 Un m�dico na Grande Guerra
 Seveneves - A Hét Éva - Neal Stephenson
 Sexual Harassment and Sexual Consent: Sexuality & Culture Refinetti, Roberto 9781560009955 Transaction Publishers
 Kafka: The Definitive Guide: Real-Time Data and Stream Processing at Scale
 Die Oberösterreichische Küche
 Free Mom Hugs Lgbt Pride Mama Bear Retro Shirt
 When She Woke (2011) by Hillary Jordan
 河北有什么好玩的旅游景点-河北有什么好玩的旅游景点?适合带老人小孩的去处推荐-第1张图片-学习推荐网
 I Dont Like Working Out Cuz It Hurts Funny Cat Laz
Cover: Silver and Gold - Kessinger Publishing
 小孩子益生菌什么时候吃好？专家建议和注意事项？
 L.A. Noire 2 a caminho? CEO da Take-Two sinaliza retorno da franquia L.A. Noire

---+---

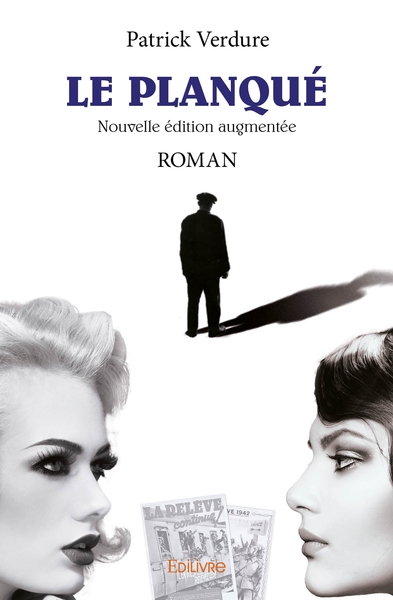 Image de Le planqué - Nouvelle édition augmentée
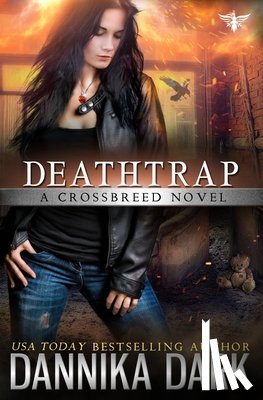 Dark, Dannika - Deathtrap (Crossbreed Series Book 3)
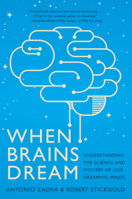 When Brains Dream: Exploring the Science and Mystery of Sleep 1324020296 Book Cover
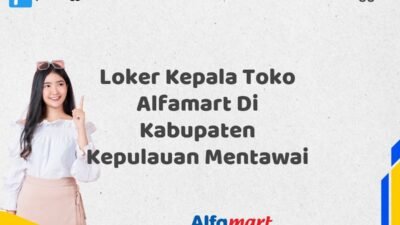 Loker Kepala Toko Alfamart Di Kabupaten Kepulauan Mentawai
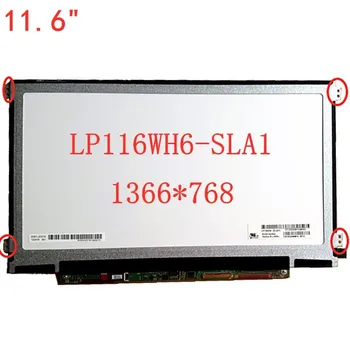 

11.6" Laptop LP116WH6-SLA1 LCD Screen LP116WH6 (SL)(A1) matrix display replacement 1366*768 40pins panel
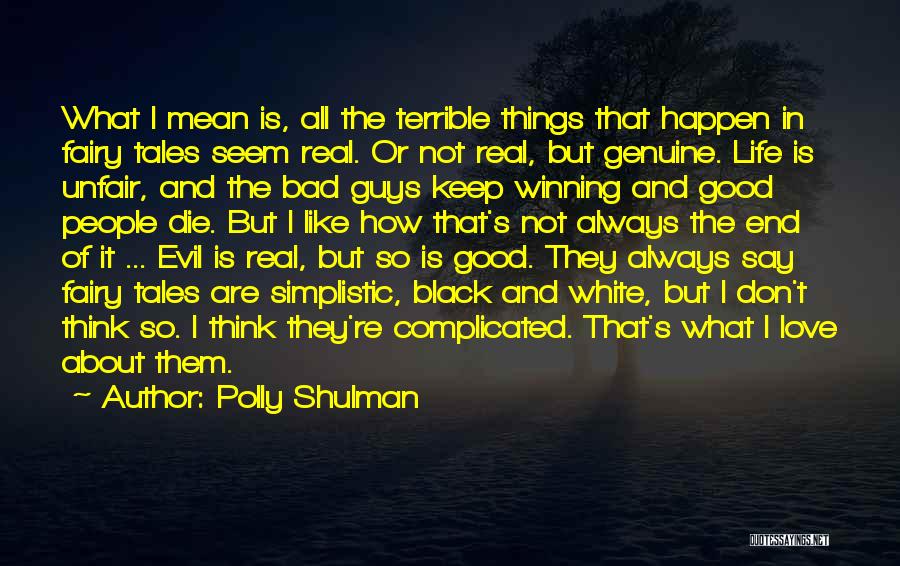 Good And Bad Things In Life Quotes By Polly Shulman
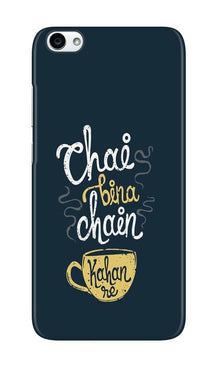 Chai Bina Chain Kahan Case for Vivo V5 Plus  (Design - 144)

---+---

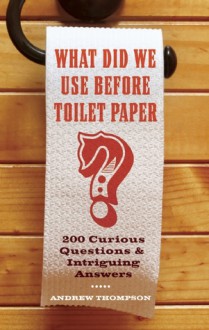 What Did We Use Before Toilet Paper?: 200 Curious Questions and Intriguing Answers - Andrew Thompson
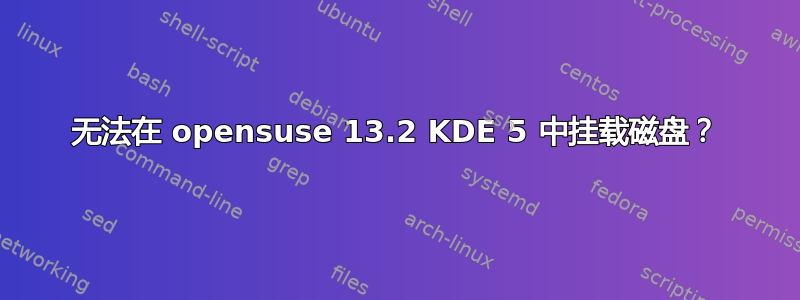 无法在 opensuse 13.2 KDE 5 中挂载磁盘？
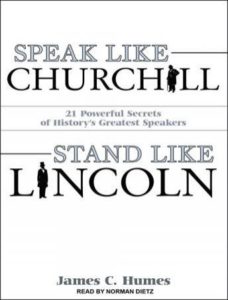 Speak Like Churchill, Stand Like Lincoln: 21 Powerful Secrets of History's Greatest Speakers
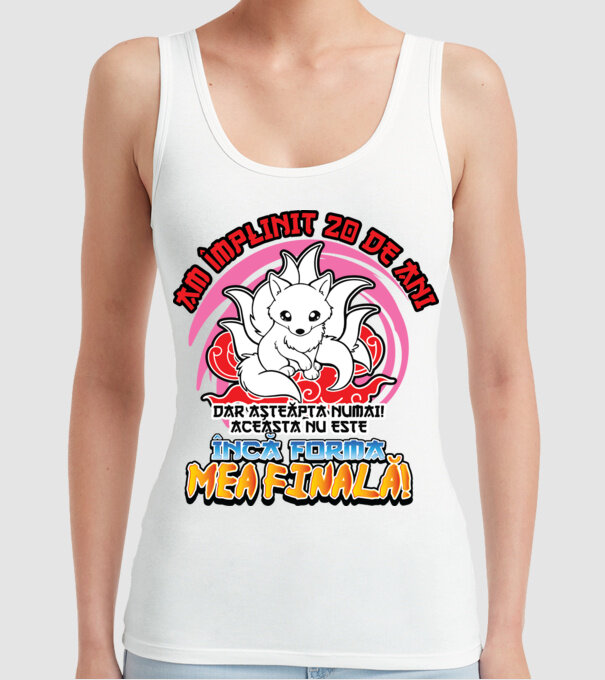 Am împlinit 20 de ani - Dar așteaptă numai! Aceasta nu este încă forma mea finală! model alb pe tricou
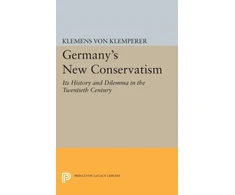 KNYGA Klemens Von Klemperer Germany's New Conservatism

---+---

| What the task requires |
Set down again, exactly, every line above from the one with "1366*768 40pins panel" down to the one with "Chai Bina Chain", both ends included. No pictures, and nothing else.

| Answer for the task |
11.6" Laptop LP116WH6-SLA1 LCD Screen LP116WH6 (SL)(A1) matrix display replacement 1366*768 40pins panel
 Good And Bad Things In Life Quotes By Polly Shulman
 Chai Bina Chain Kahan Case for Vivo V5 Plus  (Design - 144)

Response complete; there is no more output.